TASK GOAL:
The expected output is the data itself, duplicated in full.

[INPUT MATERIAL]

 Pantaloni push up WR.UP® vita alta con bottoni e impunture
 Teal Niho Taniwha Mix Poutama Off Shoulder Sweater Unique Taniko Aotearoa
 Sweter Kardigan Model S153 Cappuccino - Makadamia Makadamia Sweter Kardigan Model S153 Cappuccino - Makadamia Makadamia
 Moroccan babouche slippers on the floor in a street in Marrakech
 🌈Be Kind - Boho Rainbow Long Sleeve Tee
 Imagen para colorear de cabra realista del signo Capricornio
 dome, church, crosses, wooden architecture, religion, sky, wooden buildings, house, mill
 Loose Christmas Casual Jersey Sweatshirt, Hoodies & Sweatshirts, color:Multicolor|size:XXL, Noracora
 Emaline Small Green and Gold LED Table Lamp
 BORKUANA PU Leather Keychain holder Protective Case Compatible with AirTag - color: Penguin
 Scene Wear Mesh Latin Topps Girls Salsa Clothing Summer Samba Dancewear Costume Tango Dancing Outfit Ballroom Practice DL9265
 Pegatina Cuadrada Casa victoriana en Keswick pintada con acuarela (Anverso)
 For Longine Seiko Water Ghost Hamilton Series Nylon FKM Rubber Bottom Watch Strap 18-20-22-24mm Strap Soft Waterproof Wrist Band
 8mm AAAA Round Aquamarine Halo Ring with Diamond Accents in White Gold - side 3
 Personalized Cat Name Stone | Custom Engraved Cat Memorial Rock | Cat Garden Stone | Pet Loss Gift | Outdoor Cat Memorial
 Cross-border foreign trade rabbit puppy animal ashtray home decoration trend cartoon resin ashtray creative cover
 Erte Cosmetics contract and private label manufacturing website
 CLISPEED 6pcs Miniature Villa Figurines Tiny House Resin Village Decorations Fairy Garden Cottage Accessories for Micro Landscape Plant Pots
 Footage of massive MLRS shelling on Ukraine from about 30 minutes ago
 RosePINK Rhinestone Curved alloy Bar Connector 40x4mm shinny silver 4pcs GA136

[/INPUT MATERIAL]

EXPECTED OUTPUT:
 Pantaloni push up WR.UP® vita alta con bottoni e impunture
 Teal Niho Taniwha Mix Poutama Off Shoulder Sweater Unique Taniko Aotearoa
 Sweter Kardigan Model S153 Cappuccino - Makadamia Makadamia Sweter Kardigan Model S153 Cappuccino - Makadamia Makadamia
 Moroccan babouche slippers on the floor in a street in Marrakech
 🌈Be Kind - Boho Rainbow Long Sleeve Tee
 Imagen para colorear de cabra realista del signo Capricornio
 dome, church, crosses, wooden architecture, religion, sky, wooden buildings, house, mill
 Loose Christmas Casual Jersey Sweatshirt, Hoodies & Sweatshirts, color:Multicolor|size:XXL, Noracora
 Emaline Small Green and Gold LED Table Lamp
 BORKUANA PU Leather Keychain holder Protective Case Compatible with AirTag - color: Penguin
 Scene Wear Mesh Latin Topps Girls Salsa Clothing Summer Samba Dancewear Costume Tango Dancing Outfit Ballroom Practice DL9265
 Pegatina Cuadrada Casa victoriana en Keswick pintada con acuarela (Anverso)
 For Longine Seiko Water Ghost Hamilton Series Nylon FKM Rubber Bottom Watch Strap 18-20-22-24mm Strap Soft Waterproof Wrist Band
 8mm AAAA Round Aquamarine Halo Ring with Diamond Accents in White Gold - side 3
 Personalized Cat Name Stone | Custom Engraved Cat Memorial Rock | Cat Garden Stone | Pet Loss Gift | Outdoor Cat Memorial
 Cross-border foreign trade rabbit puppy animal ashtray home decoration trend cartoon resin ashtray creative cover
 Erte Cosmetics contract and private label manufacturing website
 CLISPEED 6pcs Miniature Villa Figurines Tiny House Resin Village Decorations Fairy Garden Cottage Accessories for Micro Landscape Plant Pots
 Footage of massive MLRS shelling on Ukraine from about 30 minutes ago
 RosePINK Rhinestone Curved alloy Bar Connector 40x4mm shinny silver 4pcs GA136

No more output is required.